I've recently set up a web service using static HTML pages. The number of HTML files in a single directory on the server's file system is about 12,000. I am not noticing any issues, but is this a potential error, or is it not a problem?


----------



## roper (Aug 30, 2019)

I've done something similar many years ago. Depending on which file system there are limitations. UFS is 32768 files per directory inclusive of the link to the parent. The ZFS limit is truly astronomical and you'd not have that issue. In my case I also generated many hundreds of thousands of indices, also as files, which I used to search the HTML, that necessitated setting up a disk with a smaller block size to conserve space. It was an interesting exercise but using a proper relational database is a more sensible approach.


----------



## ralphbsz (Aug 31, 2019)

First, it depends on the underlying file system implementation. I have never run UFS above a few hundred files per directory. In ZFS, I've reached about a few thousand files, and then cut that down by organizing things. Not because of performance reasons, but because manually administering things (with ls, mv and rm) became overwhelming. But I know that ZFS is capable of much much more, probably without practical limits for normal home users. I expect ZFS's performance to be pretty good.

By the way, large file systems often run at many billion files, and many million files in a single directory. I've seen tests of a billion files in a single directory (efficiently and successfully). But these tend to be cluster file systems (running on many machines) with lots of disks.
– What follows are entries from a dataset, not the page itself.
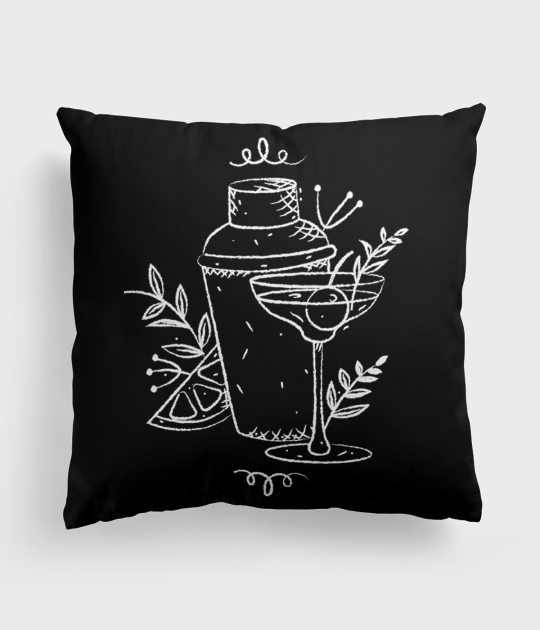 Poduszka full print Koktajl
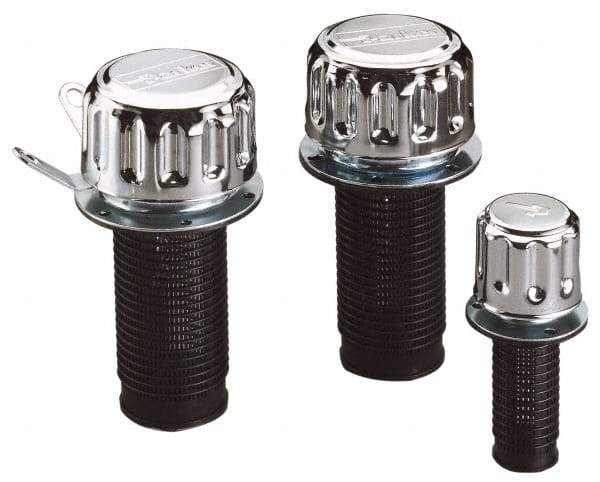 Parker - 10 Micron Rating, Nonmetallic Breather - Apex Tool & Supply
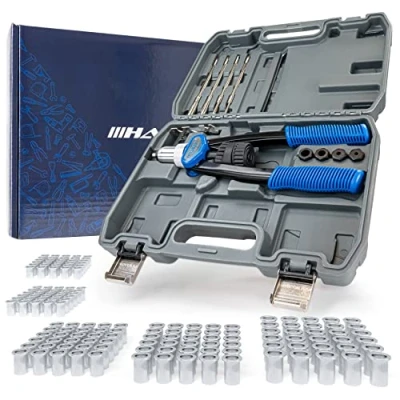 Image de Pince à rivets I riveter professionnelle 150 écrous M5 M6 M8 M10 M12 Taille Compacte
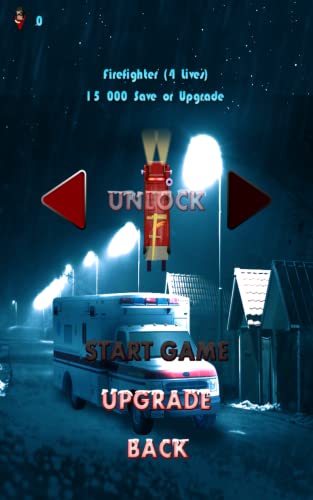 frío invierno apagón noche oscura: el vehículo de emergencia al rescate - gratis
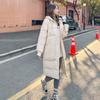 Fashion down cotton-padded clothes women's winter new bread clothes medium and long design sense thin versatile cotton-padded jacket
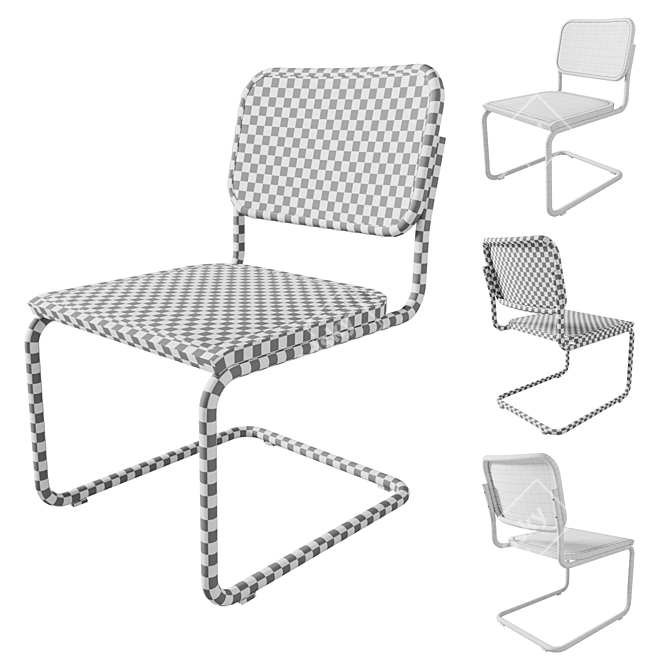 Knoll Cesca Chair Cane - Elegant Modern Design 3D model image 2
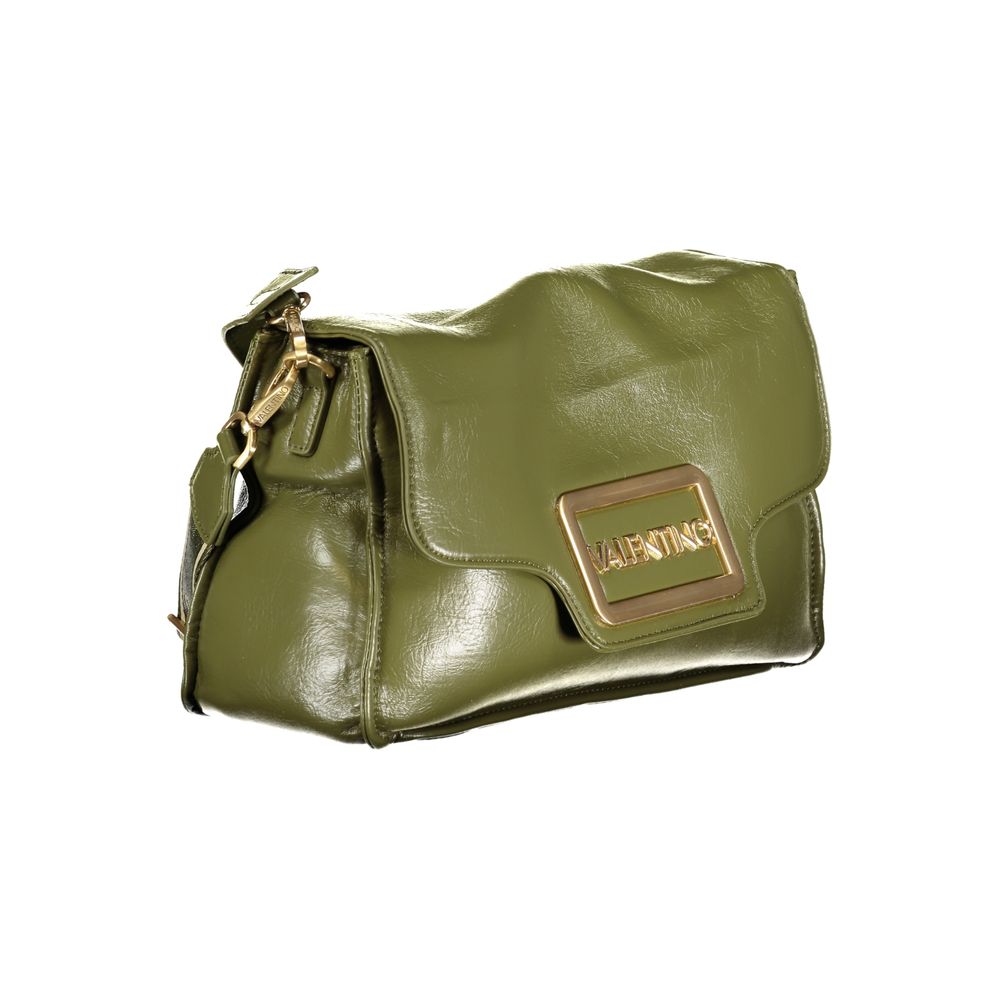 Green Polyethylene Women Handbag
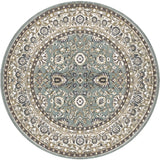 Dynamic Rugs Yazd 2803 Power Loomed Traditional Grey/Ivory Rug - Round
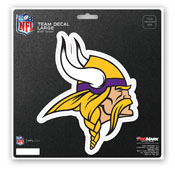 NFL - Minnesota Vikings Large Decal 8 x 8 - 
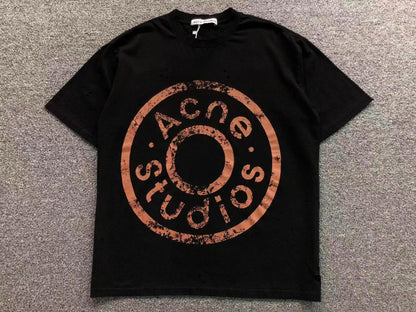 Camiseta Acne Studios Distressed Round Logo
Second, the performance of using this many files when using a high-quality file system (which ZFS is) depends more on the applications than on the file system. Just as a simple example: Some implementations of `ls` perform a stat on every file name in the directory. And because of the way they interleave that with the calls to readdir() to read the directory, they destroy memory caches, causing horrible performance. So a lot depends on your web server software, how does it read the 12,000 files in that directory. My hunch would be that the web server will not attempt to do a directory listing (in the style of ls), unless you force it to (for example by having it serve a directory and create file listing, which apache can do).


----------